**Exercise instructions**
The listing below holds pictures; exclude them. Return exactly the lines from the one with "翼龙无人机武器系统:从技术参数到实战效能的深度解析" through the one with "Skater Vintage Skateboard".

**Records shown**
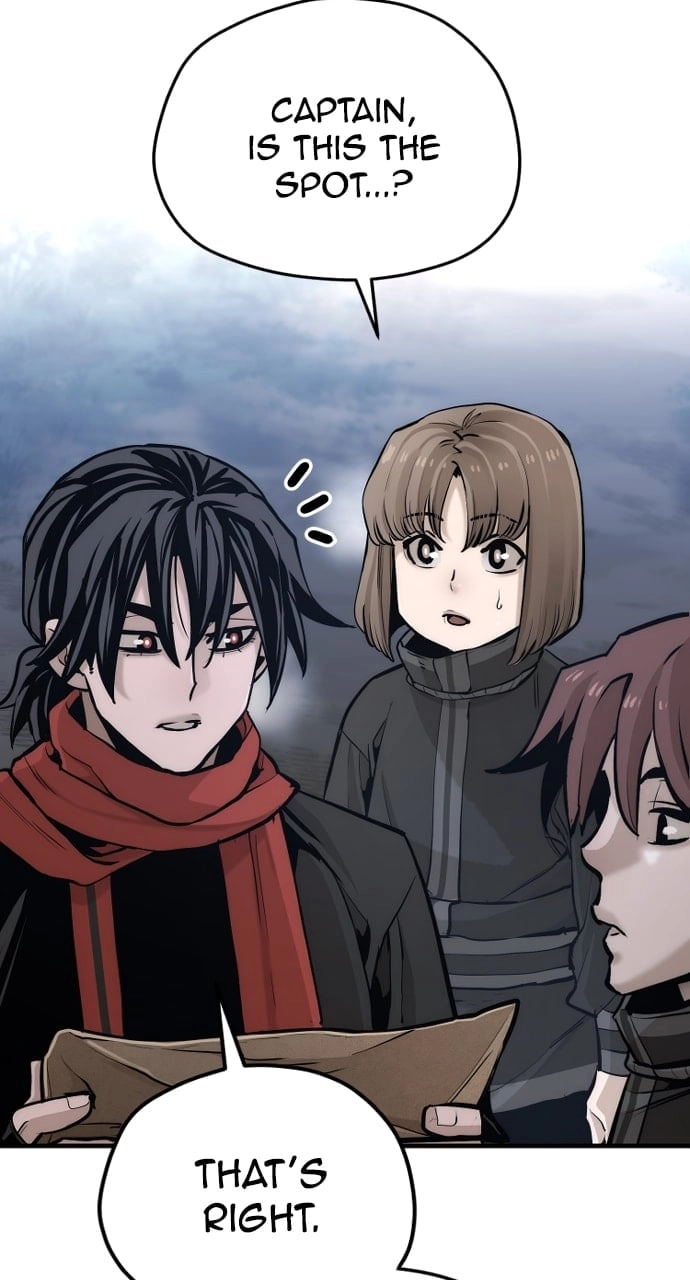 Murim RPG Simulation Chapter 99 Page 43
---
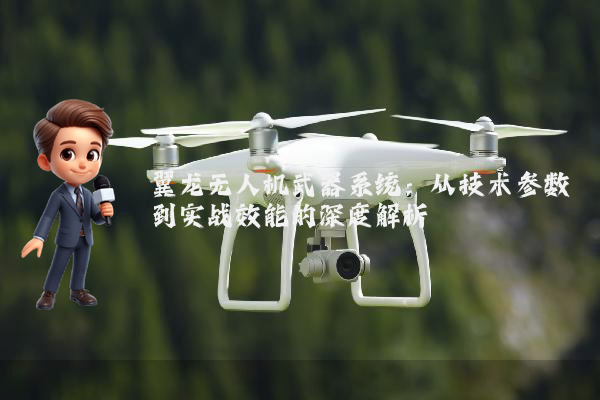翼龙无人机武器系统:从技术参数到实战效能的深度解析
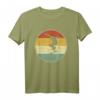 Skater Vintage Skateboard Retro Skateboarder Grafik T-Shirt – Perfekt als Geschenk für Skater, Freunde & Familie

**Task solution**
翼龙无人机武器系统:从技术参数到实战效能的深度解析
 Skater Vintage Skateboard Retro Skateboarder Grafik T-Shirt – Perfekt als Geschenk für Skater, Freunde & Familie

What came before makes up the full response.